2. Model Types

A summary of the different machine learning models Boosted.ai offers for stock universe ranking

Boosted Insights offers a collection of different model training types that are each useful, depending on your use case. Note that models only create rankings for in-universe assets, portfolio construction from model rankings is done separately by a portfolio optimizer.

Linear Regression

Linear Regression is the simplest machine learning algorithm and very fast to train. The model fits a linear equation through the data points such that the squared errors between the predicted values (the blue line) and the actual values (the black data points) are minimized.

 


However, the strict linearity of the model means that it is quite inflexible and typically generates higher prediction errors than more flexible and complex models. Despite its simplicity, variants of linear models are widely used in applications where model interpretability is a must.

Decision Trees

While not available as a model on the Boosted Insights platform, decision tree learning is a fundamental component of Random Forest, Generalized Boosting, and our proprietary Battle Royale models.

A decision tree relies on successive splits of variables to sort the dataset such that data points are more similar within a group. Optimal splits are typically chosen based on the maximum increase in post-split similarity. The specific metric used to gauge post-split data similarity will differ depending on the task and is beyond the scope of this article.

While decision trees are more flexible than a linear model, it is also more fragile since small changes in variable values can lead to large changes in model predictions.

 

Random Forest

To combat the fragility of individual decision trees, a random forest uses an ensemble of many trees that are each trained on a subset of the data. Each split of each tree will utilize a subset of available features. The final prediction is determined by a majority vote of decision tree models. 

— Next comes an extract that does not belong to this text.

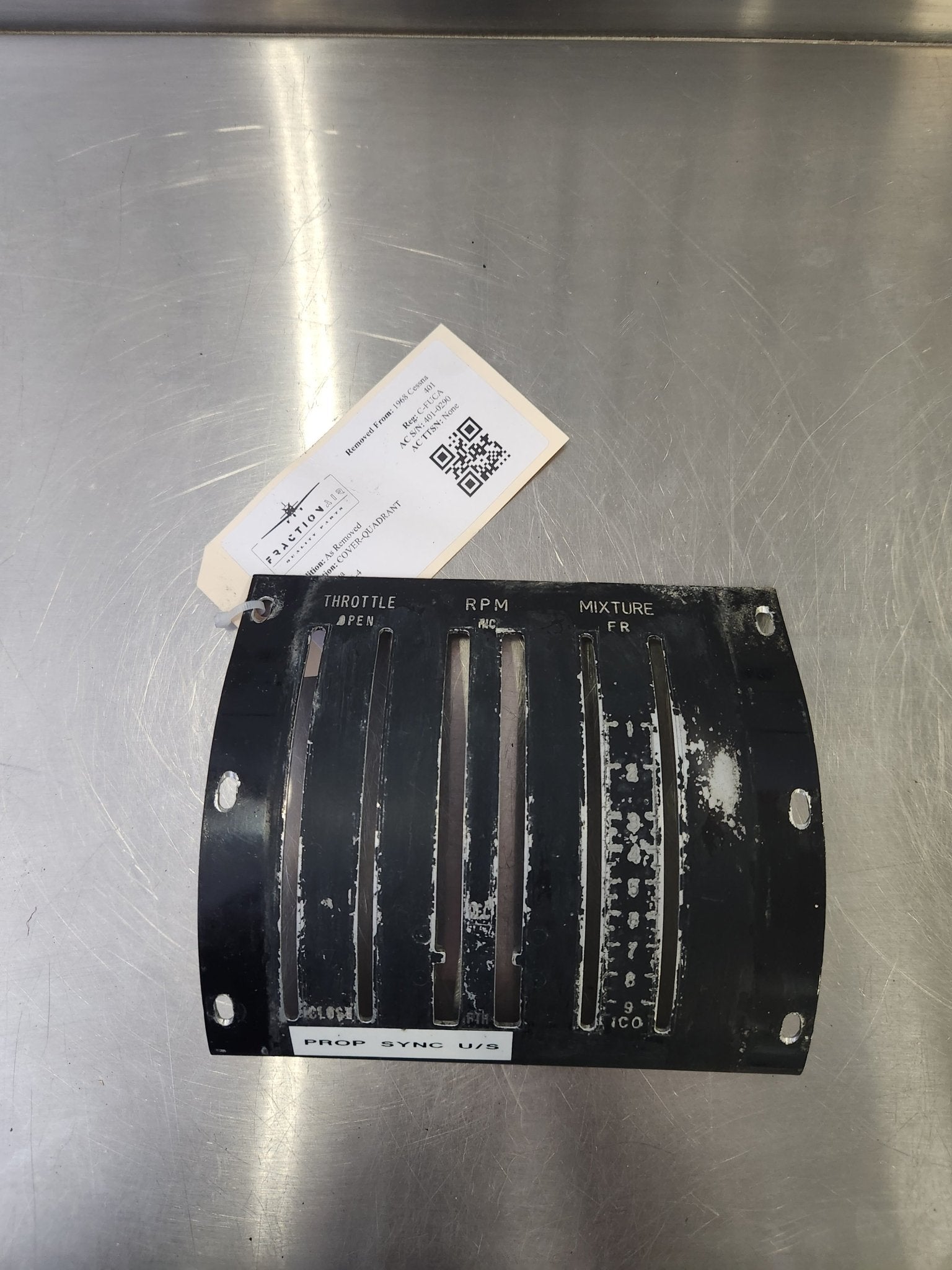 5015106 - 4 Cessna COVER - QUADRANT | FractionAIR Parts - Aircraft Parts & Accessories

The randomness introduced through sampling the dataset and splitting on subsets of variables makes the model more robust to outliers, decorrelates individual trees from each other, and overall contributes to better model generalization and lower variance of predictions.

 

Gradient Boosting

Gradient boosting also uses an ensemble of many models (typically decision trees) to inform its predictions. However, unlike a random forest, each successive model is trained to correct the errors of previous models. The initial prediction flows through all subsequent models which correct for and minimize initial errors.

This should be considered a broad model class with many different implementations, the details of which are beyond the scope of this article.

 

Battle Royale Noise Reduction (BRNR)

Battle Royale is our internally developed proprietary machine learning algorithm custom-built for financial applications. It is robust to noisy data and works well on a large number of input features. Like other tree-based models, it is capable of filtering out uninformative features and finding non-linear relationships between inputs. In BRNR, every company is compared to every other company in a “battle royale” relative to a defined goal, such as maximizing alpha. Companies are ranked by the number of individual battles they win relative to the defined goal. 

This approach allows a richer understanding of relationships between variables and an emphasis on picking relative outperformers.

MODEL TYPE COMPARISON FACTORS

A relative score for the following factors are provided to help you make the choice that is best for your use case.

Model Factor Description
Cost The amount of credits this model type would cost you relative to other model types. Cost is reflective of the amount of cloud computing power required.
Performance How well this model type typically meets goal criteria.
Speed How quickly this model is able to be trained and backtest results made available.
Accuracy How accurate this model type is at picking individual performers that meet goals.
Holistic How well this model type is at building an overall portfolio that works together holistically to meet goals.